Are you getting older?

1. When one door closes and another door opens, you're probably in prison.
2. To me, "drink responsibly" means don't spill it.
3. Age 60 might be the new 40, but 9:00 pm is the new midnight.
4. It's the start of a brand new day, and I'm off like a herd of turtles.
5. The older I get, the earlier it gets late.

6. When I say, "The other day," I could be referring to any time between yesterday and 15 years ago.
7. I remember being able to get up without making sound effects.
8. I had my patience tested. I'm negative.
9. Remember, if you lose a sock in the dryer, it comes back as a Tupperware lid that doesn't fit any of your containers.
10. If you're sitting in public and a stranger takes the seat next to you, just stare straight ahead and say, "Did you bring the money?"

11. When you ask me what I am doing today, and I say "nothing," it does not mean I am free. It means I am doing nothing.
12. I finally got eight hours of sleep.
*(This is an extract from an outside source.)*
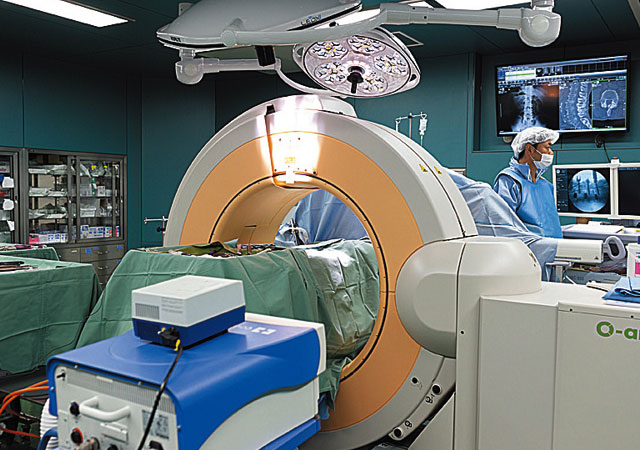■Ｏアーム　手術中に使用するモバイル型CT。ナビゲーションシステムと連動して、安全で高精度の手術を可能にする。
It took me three days, but whatever.
13. I run like the winded.
14. I hate when a couple argues in public, and I missed the beginning and don't know whose side I'm on.
15. When someone asks what I did over the weekend, I squint and ask, "Why, what did you hear?"

16. When you do squats, are your knees supposed to sound like a goat chewing on an aluminum can stuffed with celery?
17. I don't mean to interrupt people. I just randomly remember things and get really excited.
18. When I ask for directions, please don't use words like "east."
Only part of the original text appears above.